Not only can the mind of the country youth be broadened and enlarged in the direction of literature and art, and of science and history, but it can be made more practical by focusing it upon the problems connected with the agriculture and manufactures of the district.
This indicates a career of usefulness for the ambitious teacher of a rural school. There is a large field for the discipline of the directive power open even for the humblest of teachers in the land.
These books of Colonel Parker, if read by the school children, and especially by the elder youth who have left school, will suggest a great variety of ways in which real mental growth and increase of practical power may be obtained. The ideal of education in the United States is that the child in school shall be furnished with a knowledge of the printed page and rendered able to get out of books the experience of his fellow-men, and at the same time be taught how to verify and extend his book knowledge by investigations on his environment. This having been achieved by the school, nothing except his indolence, or, to give it a better name, want of enterprise, prevents the individual citizen from growing intellectually and practically throughout his whole life.
W. T. HARRIS.
WASHINGTON, D.C., August 12, 1897.
Fortunate are the children whose early years are spent in the country in close contact with the boundless riches which Nature bestows.

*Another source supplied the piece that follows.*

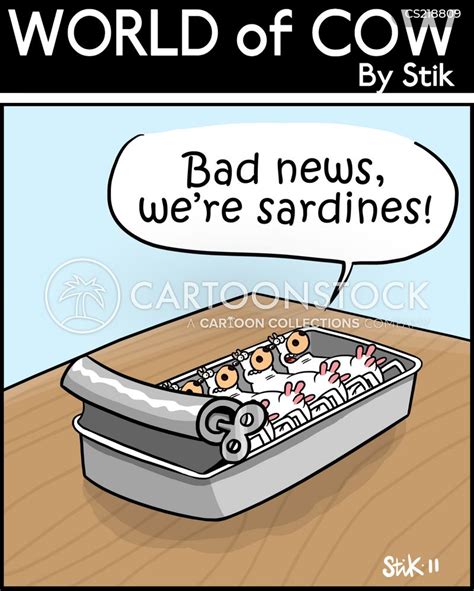 Canned Fish Cartoons and Comics - funny pictures from CartoonStock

Amid these environments instinct and spontaneity do a marvelous work in the growing minds of children, arousing and sustaining varied and various interests, enhancing mental activities, and furnishing an educative outlet for lively energies.
Most fortunate are they to whom, at the moment when the unconscious teachings of Nature need to be supplemented by thoughtful suggestion, wise leadings, and judicious instruction, there comes one with a deep and loving sympathy with child life, an active interest in all that interests them, and a profound respect for all that children do well and for all that they know.

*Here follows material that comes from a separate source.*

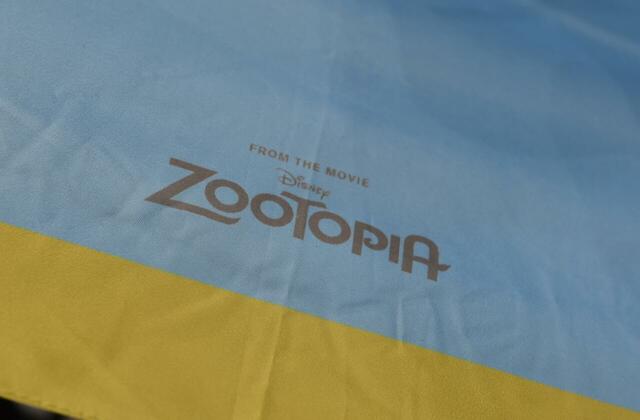 【ワークマン】晴雨兼用遮光遮熱Disney折りたたみ傘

Such an one is Uncle Robert. He comes to the children at just the right moment. He directs the sweet strong streams of their lives onward into a channel of earnest inquiry and exalted labor, which is ever broadening and deepening.
Uncle Robert's aim in education is to fill each day with acts which make home better, the community better, mankind better; to take from God's bounteous and boundless store of truth and convert it into human life by using it. His method is simple and direct, founded upon the firm rock, Common Sense. It may be briefly stated as follows:
1. A strong belief in the sacredness of work--that work which inspires thought, strengthens the body as well as the mind, and develops the feeling of usefulness.
2. The images the children have acquired and the inferences they have made are used as stepping stones to higher and broader views.
3. So far as it is possible, each child is to discover facts for himself and make original inferences.
4. He understands the limits of children's power to observe and the demand on their part for glimpses into, to them, the great unknown. So he tells them stories of those things which lie beyond their horizon, in order to excite their wonder, intensify their love for the objects that surround them, and make them more careful observers. In this way a hunger and thirst for books is created.
5. He watches carefully the interests of each child, adapting his teachings to the differences in age and personality.
6. Some questions are left unanswered in order to stimulate that healthy curiosity which can be satisfied only by persistent study--the study that begets courage and confidence.
7. He makes farm work and farm life full of intensely interesting problems, ever keeping in mind that the things of which the common environments of common lives are made up are as well worthy of study as are those which lie beyond.
Uncle Robert's enthusiasm has for its prime impulse a boundless faith in human progress, brought about by a knowledge of childhood and its possibilities.
He believes that every normal child, under wise and loving guidance, may become useful to his fellows, moral in character, strong in intellect, with a body which is an efficient instrument of the soul; in other words, truly educated.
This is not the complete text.